Isabel Fantoni: la passione per il motocross e per il suo Marco.

Isabel Fantoni: la passione per il motocross e per il suo Marco
Nuovo ciclo e nuove domande, questa volta andremo a toccare “Le ragazze dei piloti“, dove andremo a conoscere qualche Wags dei motori. Ma chi sono le Wags? Wags è l’acronimo di Wives And Girlfriends of Sportsmen, ovvero fidanzate e mogli (o comunque compagne) di sportivi, in particolare, nel nostro caso, di motociclisti. È usato anche al singolare, WAG, per indicare una specifica partner di uno sportivo. Abbiamo voluto iniziare con Isabel Fantoni, compagna del crossista bresciano Marco Staurenghi, ponendole alcune domande per conoscerla meglio e, attraverso le sue risposte, conoscere meglio anche il suo uomo.

I.F.: “Mi chiamo Isabel Fantoni, sono nata a Bangkok il 26 dicembre 1994 e sono più grande di Marco Staurenghi di 5 mesi.
Sono piuttosto introversa; trovo spesso difficile legare con persone che non condividono le mie stesse passioni.
Attualmente lavoro in una scuola privata di inglese a Verolanuova, stesso paese in cui vivo.
Ho praticamente sempre vissuto in provincia di Brescia, una sola eccezione di qualche mese in provincia di Pesaro e Urbino”.


Sei molto appassionata di motori?
I.F.: “Si, sono parecchio appassionata di motori! Seppur non sia io sulla moto, sento che il mondo del motocross è l’unico a cui mi sento davvero appartenere. Grazie a quello ho sviluppato la mia passione per la fotografia, che poi mi ha portata a viaggiare più spesso”.

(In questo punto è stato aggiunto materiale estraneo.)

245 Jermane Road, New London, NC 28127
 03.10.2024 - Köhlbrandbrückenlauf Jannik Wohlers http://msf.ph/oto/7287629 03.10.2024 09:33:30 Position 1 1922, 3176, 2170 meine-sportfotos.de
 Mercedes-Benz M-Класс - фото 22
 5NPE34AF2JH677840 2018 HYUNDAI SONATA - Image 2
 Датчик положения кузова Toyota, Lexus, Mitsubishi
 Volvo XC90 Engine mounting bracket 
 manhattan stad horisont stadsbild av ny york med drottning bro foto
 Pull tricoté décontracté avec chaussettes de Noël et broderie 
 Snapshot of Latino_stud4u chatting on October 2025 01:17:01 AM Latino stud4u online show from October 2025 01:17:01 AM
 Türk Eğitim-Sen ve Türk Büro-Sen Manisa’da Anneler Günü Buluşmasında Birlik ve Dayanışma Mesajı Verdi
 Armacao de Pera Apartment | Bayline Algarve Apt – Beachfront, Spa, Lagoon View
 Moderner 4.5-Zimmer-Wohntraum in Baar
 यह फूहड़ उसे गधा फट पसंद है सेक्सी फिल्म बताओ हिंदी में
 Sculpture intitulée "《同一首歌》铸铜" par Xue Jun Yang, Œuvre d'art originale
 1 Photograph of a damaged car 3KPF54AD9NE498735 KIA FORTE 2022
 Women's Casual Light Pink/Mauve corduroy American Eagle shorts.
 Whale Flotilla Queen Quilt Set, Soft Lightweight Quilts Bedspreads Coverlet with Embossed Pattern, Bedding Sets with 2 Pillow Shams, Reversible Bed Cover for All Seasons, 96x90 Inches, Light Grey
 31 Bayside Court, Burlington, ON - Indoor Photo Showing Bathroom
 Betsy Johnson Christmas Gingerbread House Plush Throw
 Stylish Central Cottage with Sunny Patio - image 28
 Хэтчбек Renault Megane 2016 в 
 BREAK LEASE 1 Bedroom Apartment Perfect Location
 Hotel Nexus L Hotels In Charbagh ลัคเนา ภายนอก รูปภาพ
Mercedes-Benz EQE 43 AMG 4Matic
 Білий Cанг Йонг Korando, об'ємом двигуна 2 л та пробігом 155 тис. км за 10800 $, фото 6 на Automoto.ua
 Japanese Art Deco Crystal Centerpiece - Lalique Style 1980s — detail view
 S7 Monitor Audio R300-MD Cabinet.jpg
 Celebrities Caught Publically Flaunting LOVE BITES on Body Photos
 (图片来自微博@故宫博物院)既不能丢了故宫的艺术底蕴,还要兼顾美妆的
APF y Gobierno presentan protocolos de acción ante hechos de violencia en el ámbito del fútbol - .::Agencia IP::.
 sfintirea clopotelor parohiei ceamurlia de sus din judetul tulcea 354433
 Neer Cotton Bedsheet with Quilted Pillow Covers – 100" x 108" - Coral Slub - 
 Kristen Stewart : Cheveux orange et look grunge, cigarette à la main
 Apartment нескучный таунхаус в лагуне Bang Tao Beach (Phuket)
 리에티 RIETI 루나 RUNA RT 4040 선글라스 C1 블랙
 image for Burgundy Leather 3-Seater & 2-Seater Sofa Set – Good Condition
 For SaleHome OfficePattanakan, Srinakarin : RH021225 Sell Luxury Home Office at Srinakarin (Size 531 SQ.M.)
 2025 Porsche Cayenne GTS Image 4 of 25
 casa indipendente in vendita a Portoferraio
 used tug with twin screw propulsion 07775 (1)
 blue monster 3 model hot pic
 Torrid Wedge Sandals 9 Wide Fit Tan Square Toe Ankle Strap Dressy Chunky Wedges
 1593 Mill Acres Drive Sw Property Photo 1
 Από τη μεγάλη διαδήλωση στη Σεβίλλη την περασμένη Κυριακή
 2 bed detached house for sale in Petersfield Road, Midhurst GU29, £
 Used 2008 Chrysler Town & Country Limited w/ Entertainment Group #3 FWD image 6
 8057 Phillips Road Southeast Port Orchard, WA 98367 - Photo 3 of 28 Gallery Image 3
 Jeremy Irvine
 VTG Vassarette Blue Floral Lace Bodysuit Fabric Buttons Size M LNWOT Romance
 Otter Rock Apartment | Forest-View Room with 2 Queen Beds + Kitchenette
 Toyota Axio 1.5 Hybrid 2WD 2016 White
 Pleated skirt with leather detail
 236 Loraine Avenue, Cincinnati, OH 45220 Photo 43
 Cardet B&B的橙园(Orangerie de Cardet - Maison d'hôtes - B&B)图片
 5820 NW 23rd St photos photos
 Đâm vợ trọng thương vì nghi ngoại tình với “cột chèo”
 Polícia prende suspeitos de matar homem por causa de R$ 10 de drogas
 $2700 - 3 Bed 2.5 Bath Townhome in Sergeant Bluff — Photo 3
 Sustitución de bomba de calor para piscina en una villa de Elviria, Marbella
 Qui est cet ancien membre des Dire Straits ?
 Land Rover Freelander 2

Come vi siete conosciuti con Marco? 
I.F.: “Alla tappa di Internazionali d’Italia Supercross di Verolanuova di un paio d’anni fa, ho notato un ragazzo che mi guardava spesso, non sapevo chi fosse, però lui conosceva me. Il giorno dopo, forse per la terza/quarta volta in un anno, iniziò a seguirmi su Instagram, ma il furbetto era fidanzato perciò non ho mai ricambiato.
Dopo mesi, ci siamo ritrovati per caso a lavorare nello stesso posto e abbiamo scambiato due parole. Diciamo che nei giorni successivi abbiamo fatto un bel casino”!


Raccontaci di te. Chi è Isabel Fantoni, cosa fai? 
I.F.: “Attualmente sto lavorando un po’ da casa, mi alleno, pulisco, cucino, stiro. All’inizio è stata davvero dura per me, abituata a prendere e andare ovunque nel weekend ho vissuto davvero male certe giornate. Soprattutto quando ci è stato cancellato il viaggio in programma per agosto. Viaggiare è la mia benzina. Fortunatamente ora saremo un po’ più liberi, ma purtroppo ancora non potrò riprendere il mio lavoro appieno, probabilmente fino a settembre”.


Come avete vissuto questo periodo di lockdown? Vi ha cambiato?
I.F.: “Questo lockdown non ci ha cambiati, abbiamo solo tanta voglia di andare! La noia è tra le cose che più non sopporto.
Abbiamo da poco comprato casa e proprio in questo periodo avremmo dovuto fare dei lavori di ristrutturazione.
Avremmo voluto sfruttare il tempo per sistemare ma con tutto chiuso non abbiamo potuto. Sicuramente ci concederemo qualche piccola gita nei dintorni”.


Come vivi la sua passione per il motocross, sempre nel fango o nella polvere?
I.F.: “Vivere nel fango o nella polvere non è mai stato un peso per me. Ho amato questo sport e il suo ambiente fin da subito. Marco sa che non sarò mai quella che lo bacchetta dicendogli: “ma nel weekend vai sempre in moto!”, oppure “non andiamo al centro commerciale?”, “spendi troppi soldi!”. E lui ha bisogno di questo. Credo che ogni pilota senta il bisogno di approvazione da parte di qualcuno, qualcuno che capisce quel che fa e perché lo fa!
Se ci nasci così, così sei e sarai. I piloti non li cambi!
Perciò quando entra in pista gli do un bacio e gli dico “DIVERTITI!”, e io armata di reflex e drone sto fuori a godermi lo spettacolo dello sport più bello del mondo”!